Truth be told, I’m a pretty simple guy. I’d much rather be curled up with a book by the fireplace than out clubbing, and my ideal date consists of little more than food and friendly conversation. It’s why, despite my vast interest in all things heavy metal, you’d be just as likely to catch me spinning a late 90’s alternative rock album as you would be to walk in on one of my living room mosh sessions. And this itching for simplicity is also why the debut full-length from Brine, an up-and-coming post punk revival group, caught my eye.

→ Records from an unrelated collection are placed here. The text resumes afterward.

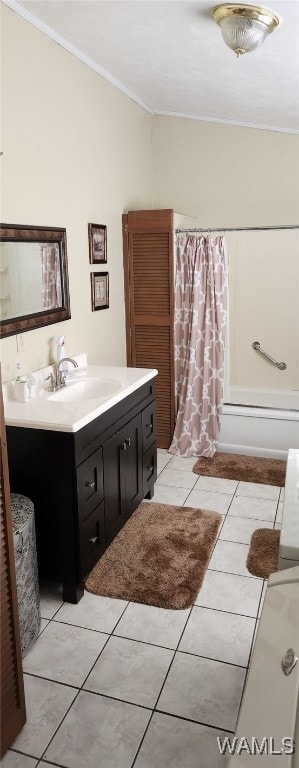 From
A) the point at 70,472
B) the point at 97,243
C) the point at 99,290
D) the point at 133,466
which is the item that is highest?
the point at 97,243

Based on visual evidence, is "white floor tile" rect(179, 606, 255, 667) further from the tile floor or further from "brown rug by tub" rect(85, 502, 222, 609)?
"brown rug by tub" rect(85, 502, 222, 609)

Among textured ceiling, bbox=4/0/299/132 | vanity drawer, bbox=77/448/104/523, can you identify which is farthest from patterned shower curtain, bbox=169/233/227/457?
vanity drawer, bbox=77/448/104/523

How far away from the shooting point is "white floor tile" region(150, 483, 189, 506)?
127 inches

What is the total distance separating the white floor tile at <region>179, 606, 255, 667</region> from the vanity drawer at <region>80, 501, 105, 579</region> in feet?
1.56

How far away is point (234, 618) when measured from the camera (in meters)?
2.26

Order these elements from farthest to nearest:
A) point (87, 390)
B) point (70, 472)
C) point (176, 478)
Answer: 1. point (176, 478)
2. point (87, 390)
3. point (70, 472)

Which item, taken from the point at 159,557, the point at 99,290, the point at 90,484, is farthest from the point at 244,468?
the point at 90,484

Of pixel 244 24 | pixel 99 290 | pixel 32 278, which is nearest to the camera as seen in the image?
pixel 244 24

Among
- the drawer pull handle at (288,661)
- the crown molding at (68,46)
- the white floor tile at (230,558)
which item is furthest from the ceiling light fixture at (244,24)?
the white floor tile at (230,558)

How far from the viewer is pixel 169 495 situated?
3309mm

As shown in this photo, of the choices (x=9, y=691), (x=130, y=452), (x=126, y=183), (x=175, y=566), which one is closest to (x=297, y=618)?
(x=9, y=691)

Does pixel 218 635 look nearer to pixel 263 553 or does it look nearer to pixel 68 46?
pixel 263 553

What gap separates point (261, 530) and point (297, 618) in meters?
1.58

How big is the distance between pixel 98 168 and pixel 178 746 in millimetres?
2829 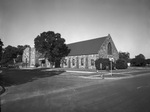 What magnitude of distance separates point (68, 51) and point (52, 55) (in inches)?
323

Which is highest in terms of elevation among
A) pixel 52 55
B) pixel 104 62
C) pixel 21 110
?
pixel 52 55

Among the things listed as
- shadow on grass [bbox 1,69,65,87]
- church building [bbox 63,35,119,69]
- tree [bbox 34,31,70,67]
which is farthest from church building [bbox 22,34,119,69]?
shadow on grass [bbox 1,69,65,87]

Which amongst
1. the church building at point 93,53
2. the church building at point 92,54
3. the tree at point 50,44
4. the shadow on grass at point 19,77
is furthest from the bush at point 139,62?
the shadow on grass at point 19,77

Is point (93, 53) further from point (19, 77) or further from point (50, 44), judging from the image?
point (19, 77)

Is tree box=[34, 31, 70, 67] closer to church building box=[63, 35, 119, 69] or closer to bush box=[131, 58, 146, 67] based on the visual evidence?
church building box=[63, 35, 119, 69]

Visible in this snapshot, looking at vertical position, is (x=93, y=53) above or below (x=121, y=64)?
above

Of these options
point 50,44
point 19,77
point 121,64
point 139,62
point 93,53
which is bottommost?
point 19,77

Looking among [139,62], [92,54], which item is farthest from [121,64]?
[139,62]

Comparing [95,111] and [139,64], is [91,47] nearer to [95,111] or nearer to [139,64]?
[139,64]

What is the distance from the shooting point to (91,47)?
38344 millimetres

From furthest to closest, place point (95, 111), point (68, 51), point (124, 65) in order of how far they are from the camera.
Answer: point (68, 51) < point (124, 65) < point (95, 111)

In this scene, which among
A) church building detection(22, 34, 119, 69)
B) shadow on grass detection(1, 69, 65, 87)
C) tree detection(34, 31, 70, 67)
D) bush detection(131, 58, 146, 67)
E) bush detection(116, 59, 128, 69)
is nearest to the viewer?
shadow on grass detection(1, 69, 65, 87)

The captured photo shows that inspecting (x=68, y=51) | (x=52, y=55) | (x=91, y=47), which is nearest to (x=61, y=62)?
(x=68, y=51)

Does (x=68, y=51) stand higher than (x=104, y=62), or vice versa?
(x=68, y=51)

Much like me, Kill the Ill is simple. None of the pretension that plagues much of the genre is present, replaced with with 37 minutes of punchy, accessible, and varied material. Though things kick off with the upbeat, riff-driven title track, Brine are at their best when displaying their songwriting chops on the record’s quirkier numbers. “Asylum” is a nervy post punk track of the highest caliber, combining a haunting vocal performance with opaque, moody lyrics. On the other hand, things pick up a bit for the catchy, introspective “Lies Atone,” a song that gives frontman Daniel Keating some room to stretch his range and deliver an impactful performance. Kill the Ill doesn’t boast a great deal of complexity or technicality, but I suppose that’s part of its quiet effectiveness; Keating’s vocals paired with emotional, bass-heavy instrumentation and offbeat lyricism provide all the atmosphere that the record needs to succeed.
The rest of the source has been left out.